Type I interferon (IFN-I) signaling paradoxically impairs host immune responses during many primary and secondary bacterial infections. Lack of IFN-I receptor reduces bacterial replication and/or bacterial persistence during infection with several bacteria. However, the mechanisms that mediate the adverse IFN-I effect are incompletely understood. Here, we show that Usp 18, an interferon-stimulated gene that negatively regulates IFN-I signaling, is primarily responsible for the deleterious effect of IFN-I signaling during infection of mice with Listeria monocytogenes or Staphylococcus aureus. Mechanistically, USP 18 promoted bacterial replication by inhibiting antibacterial tumor necrosis factor-alpha (TNF-alpha) signaling.
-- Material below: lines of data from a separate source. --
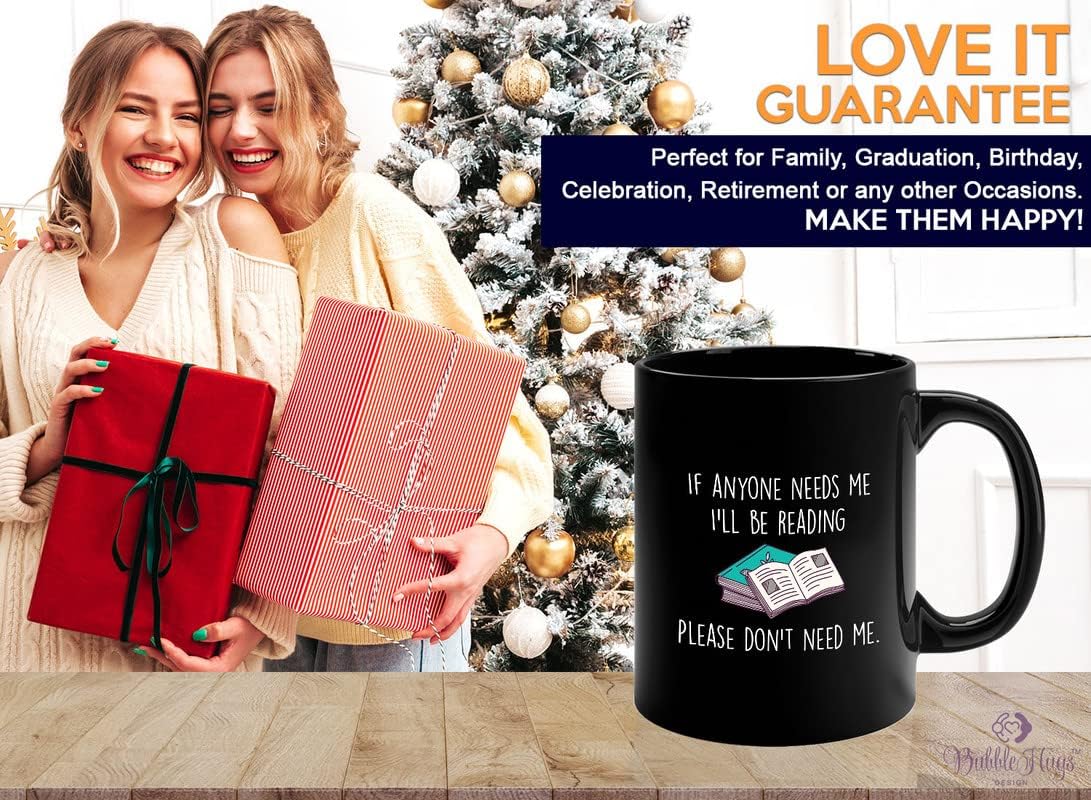 Book Lover Coffee Mug 11oz Black - If anyone needs me, I’ll be reading. Please don’t need me. - The Perfect Gifts for Book Lovers Literary Gifts Ideas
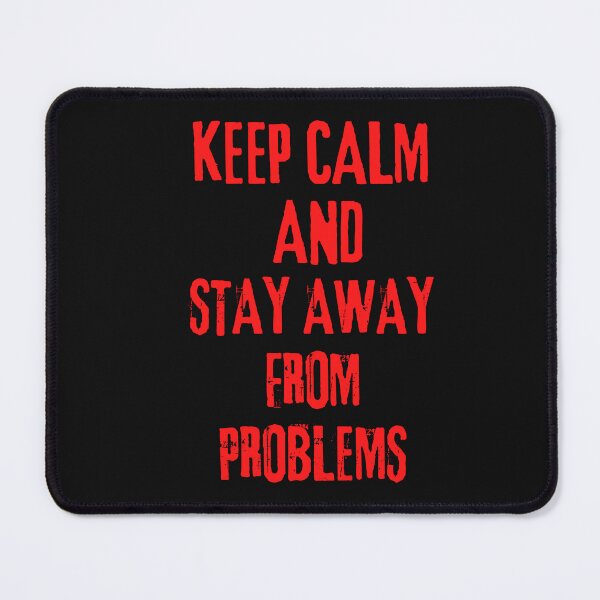 Item preview, Keep Calm and Stay Away From Problems Cool Typography designed and sold by garniturex.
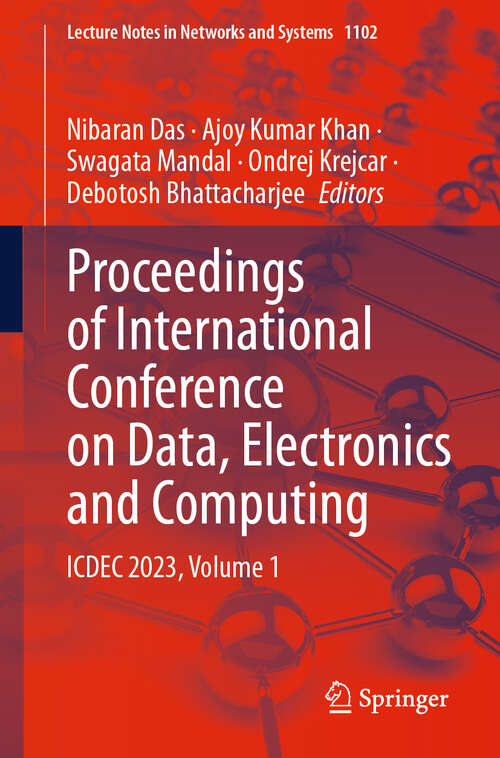 Book cover of Proceedings of International Conference on Data, Electronics and Computing: ICDEC 2023, Volume 1 (Lecture Notes in Networks and Systems #1102)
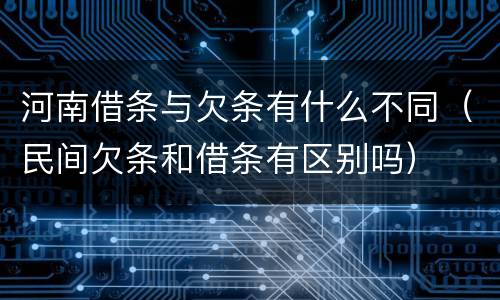河南借条与欠条有什么不同（民间欠条和借条有区别吗）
Deleting IFNAR1 or USP18 in CD11c-Cre(+) cells similarly reduced bacterial titers in multiple organs and enhanced survival. Our results demonstrate that inhibiting USP18 function can promote control of primary and secondary bacterial infection by enhancing the antibacterial effect of TNF-alpha, which correlates with induction of reactive oxygen species (ROS). These findings suggest that USP18 could be targeted therapeutically in patients to ameliorate disease caused by serious bacterial infections.